Exercise prompt - Instruction for the data below: set down exactly the lines from the line with "i'm milfycalla smoking" to the line with "Snapshot of HornyxLadie", inclusive, and no others.

Available data -
_ _ _ _

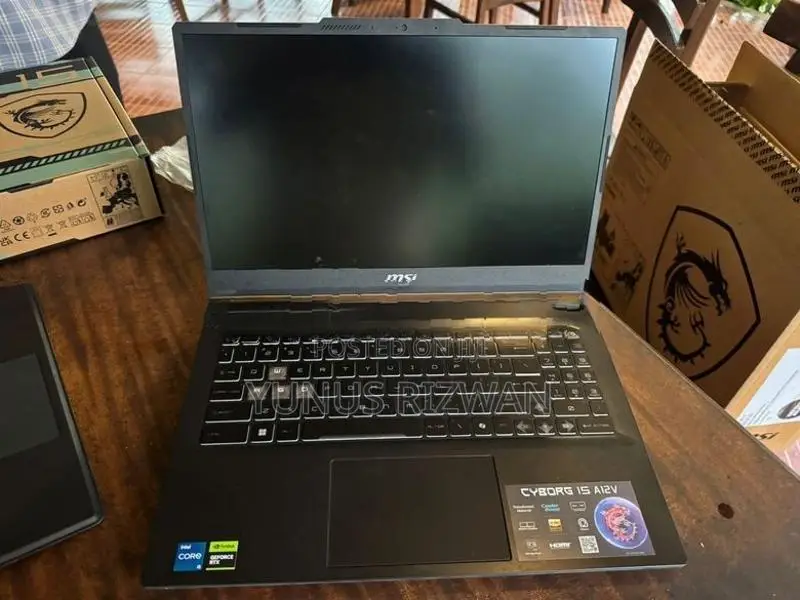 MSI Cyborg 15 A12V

_ _ _ _

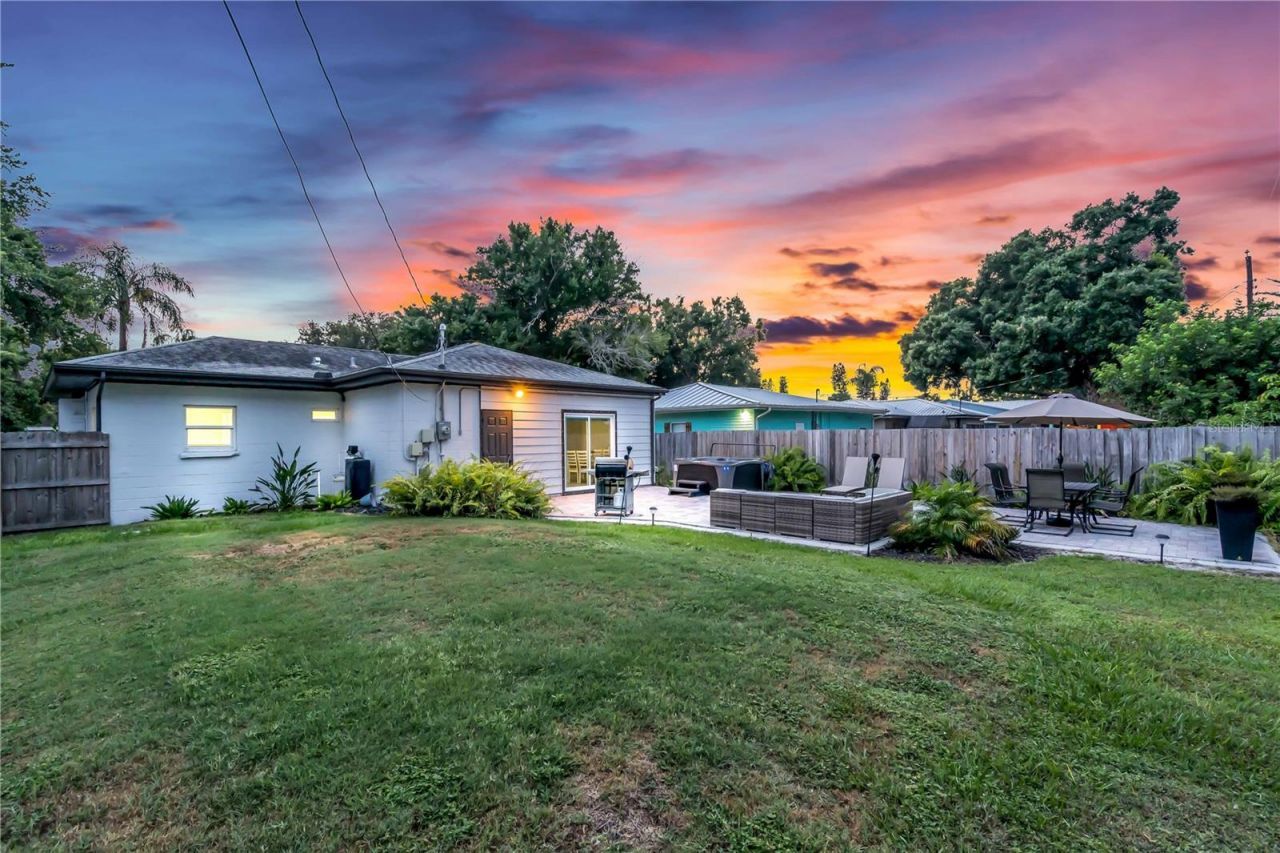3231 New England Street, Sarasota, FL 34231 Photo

_ _ _ _

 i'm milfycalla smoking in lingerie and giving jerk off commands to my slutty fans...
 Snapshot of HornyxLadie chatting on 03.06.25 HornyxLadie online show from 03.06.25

_ _ _ _

Solution to the exercise -
 i'm milfycalla smoking in lingerie and giving jerk off commands to my slutty fans...
 Snapshot of HornyxLadie chatting on 03.06.25 HornyxLadie online show from 03.06.25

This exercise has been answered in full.